Dispatcher.jl
Dispatcher.jl copied to clipboard
Out-of-core executors
I'm interested in using this package as the underlying task execution framework for Dagger.jl. I think a smarter scheduler will be needed so that Dagger can remain out-of-core...
If I understand correctly, the default dispatch!(::Executor, ::DispatchContext) simply uses asyncmap to execute the nodes in the context.
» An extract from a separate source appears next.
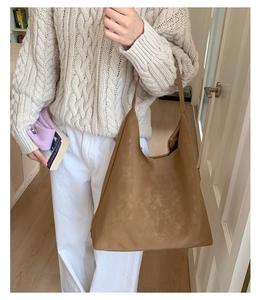 Hobo style brown suede shoulder bag showing large capacity and soft texture on model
The node ordering is implicitly handled by calls to wait...
It will be nice to have an Executor that can execute nodes in a parallel depth-first manner as dask and Dagger do enforcing better data locality and possibility of cleaning up of intermediate data as soon as possible.
Unrelated, but I like the attention paid to documentation and error handling in this package. Great stuff! :)
Unrelated, but I like the attention paid to documentation and error handling in this package. Great stuff! :)
Thanks!
The plan for executor improvements is to have one which uses the dask.distributed scheduling service to determine when and where to schedule jobs, as it appears to be very advanced and supports a lot of our wishlist features.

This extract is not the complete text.